Tra le obiezioni formulate dai referendisti, quella davvero insensata, riguarda la presunta dipendenza tra Stato e media che verrebbe a crearsi nel caso il pacchetto dovesse essere approvato. Padrone comanda (lo Stato che paga), cavallo trotta (i media beneficiari), dicono. Se ciò fosse verso questo meccanismo dovrebbe verificarsi quotidianamente con gli inserzionisti privati. E non accade. Così come non accade con gli enti pubblici, a cominciare dal Cantone, che a scadenze regolari, pubblicizzano sui media le loro campagne. Si dice che in un sistema liberale - lo dice anche la NZZ - non dovrebbe esserci alcun finanziamento diretto tra lo Stato e i media. Ciò sarebbe giusto in un mondo liberale ideale, che però non esiste più, proprio perché è il libero mercato ad essere truccato dai grandi colossi tecnologici americani. E in qualunque segmento economico, dove non esiste la mano di un ente regolatore, lo Stato, a vincere e a comandare sono sempre e solo i più ricchi e i più potenti. È l’A,B,C del liberismo.
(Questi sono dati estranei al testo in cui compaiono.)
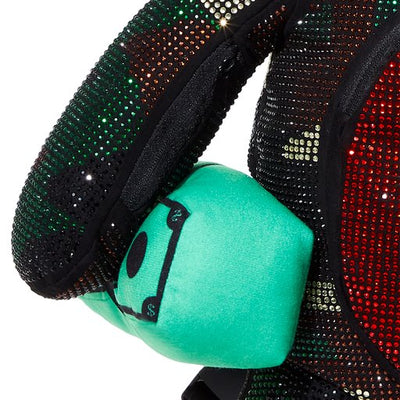 SPRAYGROUND MYSTERY BEARS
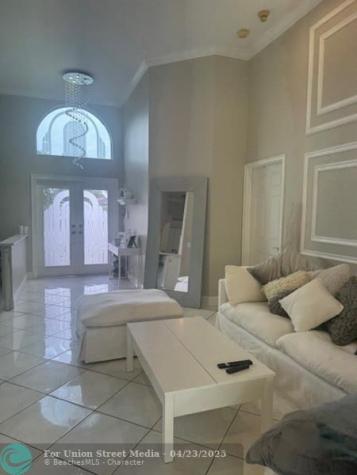 6972 NW 19th Street Margate FL 33063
A dirla tutta, saremmo anche per fare un passo in più nel ragionamento. Se consideriamo una stampa forte e capillare, come un bene essenziale in una democrazia, dovremmo forse cominciare a metterlo sullo stesso piano della cultura: un settore che vive solo grazie all’intervento di contributi pubblici e privati, elargiti ad enti pubblici e privati, grandi e piccoli. E nonostante il grano dei padroni, la cultura trotta libera verso la sua missione di arricchimento della società, anche attraverso una forte critica o alla provocazione.
Ecco tutto questo per dire che il pacchetto a favore dei media non è perfetto, tutt’altro, ma vale la pena sostenerlo. Non buttiamo il bambino con l’acqua sporca. E lo diciamo nella consapevolezza che Liberatv non otterrà neppure un franco, qualora domenica dovesse vincere il “Sì”.